Warum ausgerechnet ein Deutscher an so entscheidender Stelle für die Kulturhauptstadt Marseille verpflichtet wurde? - Vielleicht, meint Ulrich Fuchs mit leicht ironischem Unterton, weil aus südfranzösischer Sicht dafür jeder besser geeignet ist, als einer aus der verhassten Hauptstadt Paris. Denn von der zentralistischen Regierung lassen sich die in höchstem Maße lokalpatriotischen Marseiller ungern reinreden.
Fuchs setzt darauf, die kulturelle Vielfalt Marseilles hervorlocken zu können. Denn Architektur alleine, sei sie auch so spektakulär wie die des neuen Museums der mediterranen Kulturen, kann eine Stadt mit so gravierenden sozialen Problemen wie Marseille natürlich nicht von heute auf morgen verändern.

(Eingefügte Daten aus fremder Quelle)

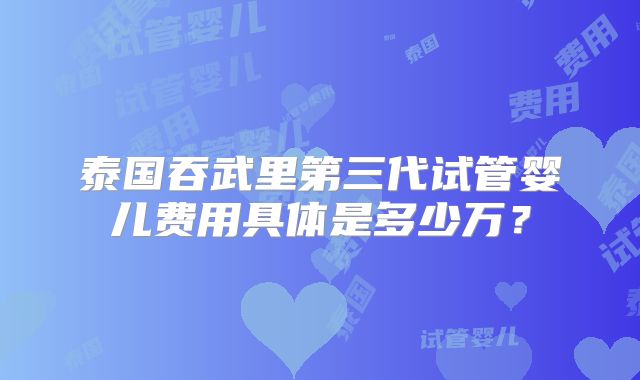 泰国吞武里第三代试管婴儿费用具体是多少万？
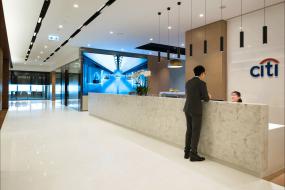 贸易公司前台装修实景图片大全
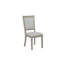 Rustic Grey Solid Wood Dining Side Chair Set of 2 with Fabric Upholstered Seat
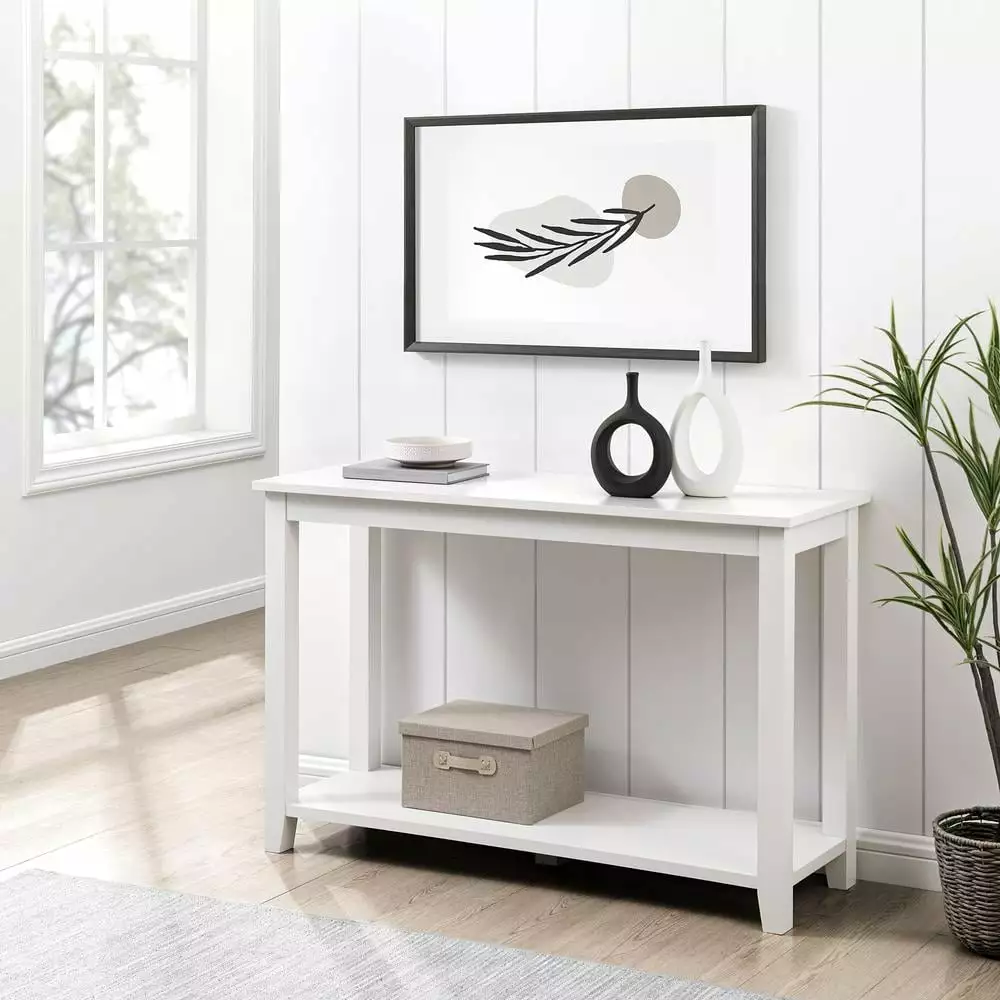 48 Inch Indoor Coastal Wood Sofa Table Solid White Finish Console Walker Edison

Aber immerhin versetzt das Docklands-Projekt in Kombination mit den Vorbereitungen auf die Kulturhauptstadt die Mittelmeer-Metropole spürbar in Aufbruchstimmung. Groß sind die Hoffnungen, das bislang vor allem für seine Fischsuppe berühmte Marseille kulturell, aber auch wirtschaftlich auf ein höheres Niveau hieven zu können – eine Art Bilbao-Effekt für die Bouillabaisse-Metropole!